Are VCs Your Friends? The Answer May Be No

I don’t often daisy chain onto other people’s blog posts, but I couldn’t resist when I ran across a genuinely insightful post from Steve Blank.

Blank is a long time entrepreneur and co-founder of the enterprise software developer E.piphany. (Remember the bubble days!) Blank also participated in a video games company more than a decade ago called Rocket Science Games, which he describes as one of his craters.

In a post on his blog late last week, he recounts a meeting with his two key Rocket Science venture backers (unnamed) in advance of a board meeting. On the agenda for the board event was another round of financing for the struggling company.
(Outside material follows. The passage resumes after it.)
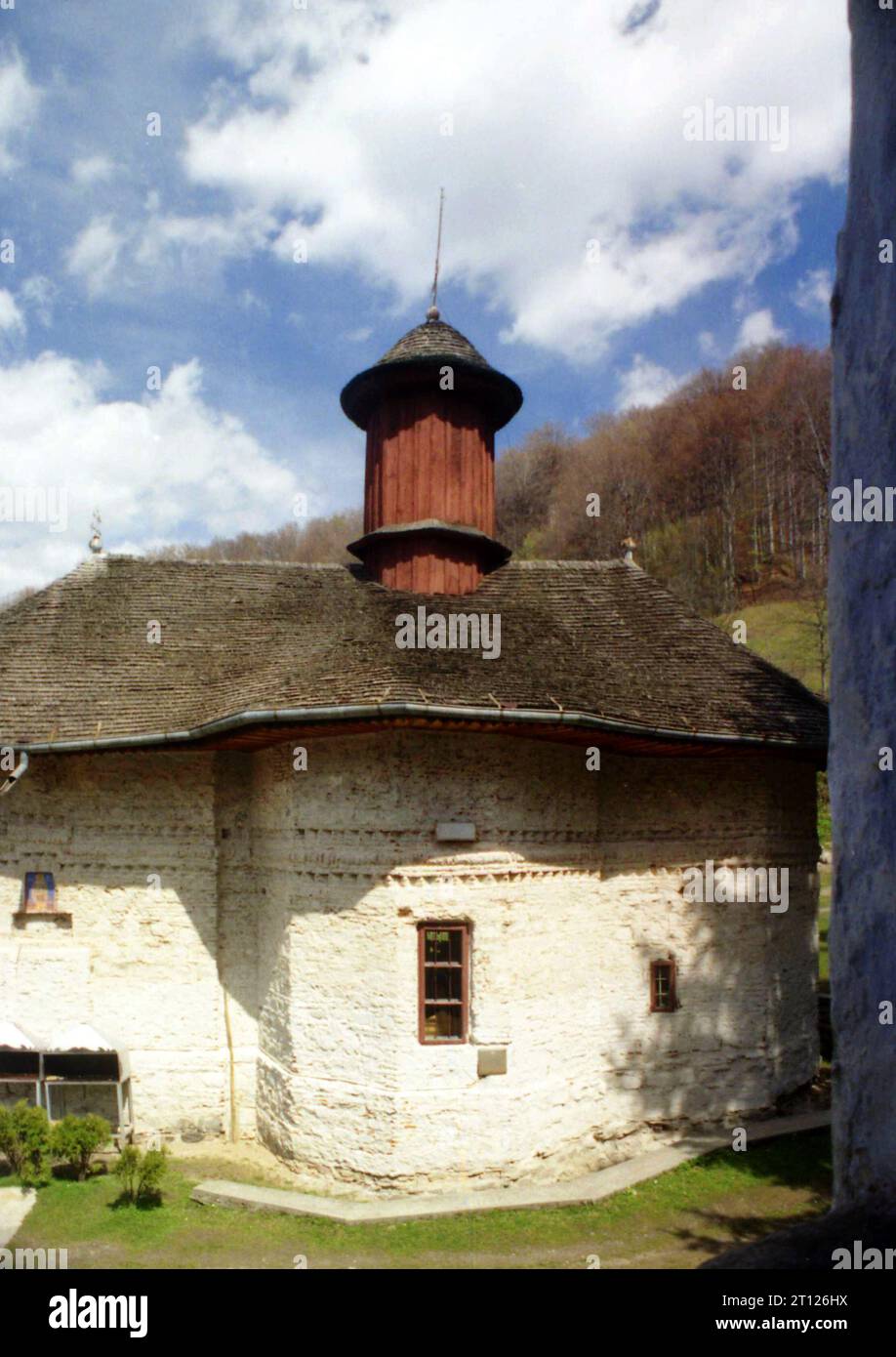 Contea di Arges, Romania, 1999. Vista esterna del Monastero di Robaia, un monumento storico del XIV secolo. Foto Stock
“I liked my investors,” writes Blank. “I’d known them for years; they were smart (and) trying to figure out the video game market with me.”

Assuming the lunch was a social call, he was unprepared when both firms announced they were going to pass on leading a new round of funding. “I was speechless,” he writes. “I felt like I had just been kicked in the gut and stabbed in the back.”

Blank says the news was an expensive reminder that he “was just one of 20 companies in their current fund portfolio.”

His tale reminds me of other stories I’ve heard from entrepreneurs, some who raise their voices and quickly use of phrases such as vulture capital, others who felt lured on with platitudes but never funded.

The bottom line is this: business is business. While many VCs spark wonderful relationships with their entrepreneurs and become long term friends, the truth is money talks. Friendship takes a back seat.

As to Blank’s experience, he adds a postscript. Despite the difficult incident, 15 years later the two VCs have become friends. “We have lunch often…and swap war stories of the day they pulled my funding.”